RED EARTH CREE NATION — RCMP have suspended their aerial and boat search for a missing five-year-old boy in northern Saskatchewan after more than two months.
Frank Young went missing on the Red Earth Cree Nation on April 19. He was last seen at a playground near his home.
Sgt. Richard Tonge said the RCMP have used all the resources and technology available to them.
“This includes extensive searches by foot, aircraft and boat, as well as our underwater recovery team in the river,” Tonge said Tuesday.
In May, RCMP asked the Canadian Armed Forces to deploy Canadian Rangers to assist in the search, but Tonge said the request was denied.
The Canadian Rangers are a sub-component of the Canadian Army Reserve who live and work in remote, isolated and coastal regions.
“The rationale is Rangers are generally deployed within 100 kilometres of their own community. That’s where they have their knowledge and expertise,” Tonge said.
“We do not have a ranger element within 100 kilometres of Red Earth Cree Nation, and so the decision was made by the Canadian Armed Forces that they would not deploy rangers in this incident.”
The RCMP’s last aerial search was done by helicopter on June 11, and its last boat search was along Carrot River last Friday.
Tonge said boat and aerial searches will resume if new information comes in.

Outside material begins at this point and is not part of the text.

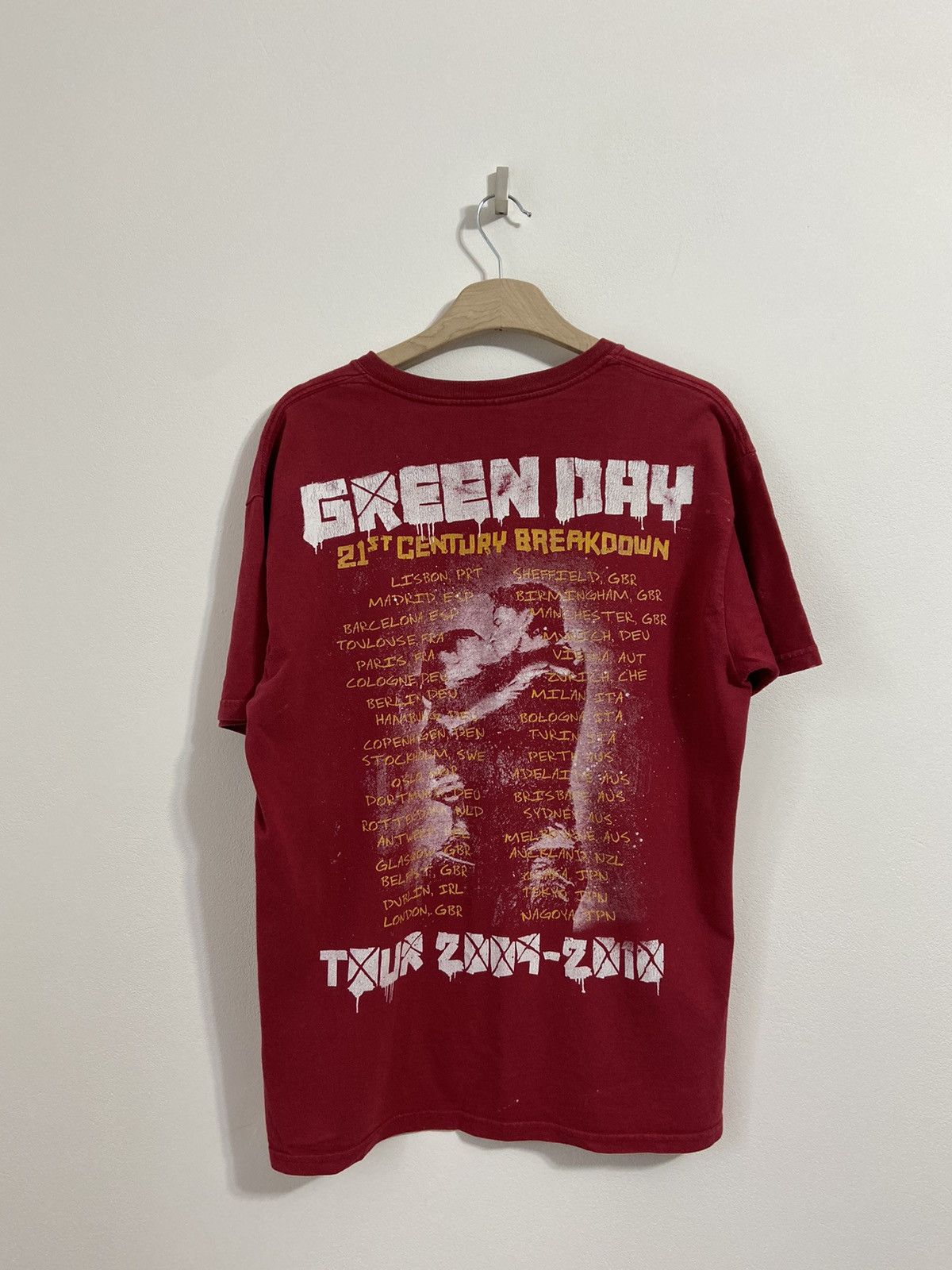 Band Tees Vintage Green Day 21 Century Breakdown T-Shirt Tour 2009-10 Size US L / EU 52-54 / 3 - 14 Thumbnail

Members of Red Earth Cree Nation and neighbouring Shoal Lake Cree Nation continue to search their communities and the bank of the Carrot River.
Red Earth Cree Nation Chief Fabian Head said mire than 92 square kilometres have been searched by more than 600 people, with nearly 500 areas tracked by a global positioning system.
RCMP also plan to return to Red Earth Cree Nation this weekend to search the receded riverbank for items belonging to Frank.
Frank was last seen wearing Paw Patrol rubber boots, green pyjamas with dinosaurs on them and a navy blue windbreaker-style jacket.
Chief Marcel Head of the Shoal Lake Cree Nation said knowledge keepers are guiding search crews to a part of Carrot River five to eight kilometres downstream from Frank’s home where there is a log jam.
“The knowledge keepers have always indicated that … these areas tend to catch any type of debris or any other items that float around the rivers, and that’s where they want the search team to concentrate,” Head said.
The community continues to treat the search for Frank as a rescue mission at the request of his family, he said
“It’s Day 64. The family is still optimistic and hopeful Frank will still be found soon,” he said.
“Each day amounts to more emotion, and becomes harder and harder as each day passes that we don’t find Frank.”
Tonge said he can’t predict with any certainty when and where Frank may be found, but the investigation will remain open.
“We never close a missing person’s file until we have definitive answers to what happened to that person.”